En s’appuyant sur des milliers de mesures, le rapport révèle que les émissions de protoxyde d’azote dues aux activités humaines ont augmenté de 40 % au cours des quatre dernières décennies, pour atteindre plus de 10 millions de tonnes en 2020. Il faudrait à l’inverse diminuer ces rejets d’environ 20 % d’ici à 2050 afin de limiter le réchauffement climatique à 1,5 °C, conformément à l’accord de Paris sur le climat.
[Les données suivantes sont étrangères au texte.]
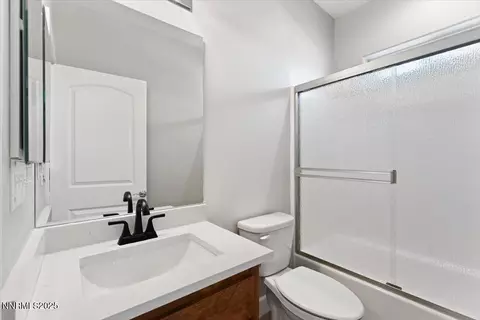 Bath - 815 Great Basin Ln, Fallon, NV 89406 photo 2 of 2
Résultat : les concentrations de ce gaz dans l’atmosphère ont progressé de 25 % depuis l’ère préindustrielle, passant de 270 parties par milliard (ppb) en 1750 à 336 ppb en 2022, un taux inégalé depuis au moins 800 000 ans. Ces dernières années, les taux de N2O ont « commencé à dépasser les niveaux prévus dans tous les scénarios » du dernier rapport du Groupe d’experts intergouvernemental sur l’évolution du climat (GIEC), indiquent les auteurs.

Une indispensable adaptation des pratiques agricoles

Les trois-quarts des émissions anthropiques de protoxyde d’azote proviennent de l’agriculture. En cause : l’utilisation d’engrais chimiques mais aussi organiques (lisier et fumier) pour fertiliser les cultures. L’azote qui n’est pas absorbé par les plantes, en plus de polluer les sols et les eaux et de favoriser des pics de pollution de l’air, « va être transformé en N2O par les bactéries du sol et être relâché dans l’atmosphère », ajoute Philippe Ciais, climatologue au Laboratoire des sciences du climat et de l’environnement et l’un des auteurs de l’étude. Le protoxyde d’azote est également émis par la combustion des énergies fossiles et de la biomasse, l’industrie du nylon, les déchets et les eaux usées. Enfin, il provient de sources naturelles, comme les forêts tropicales, dont les sols sont riches en azote.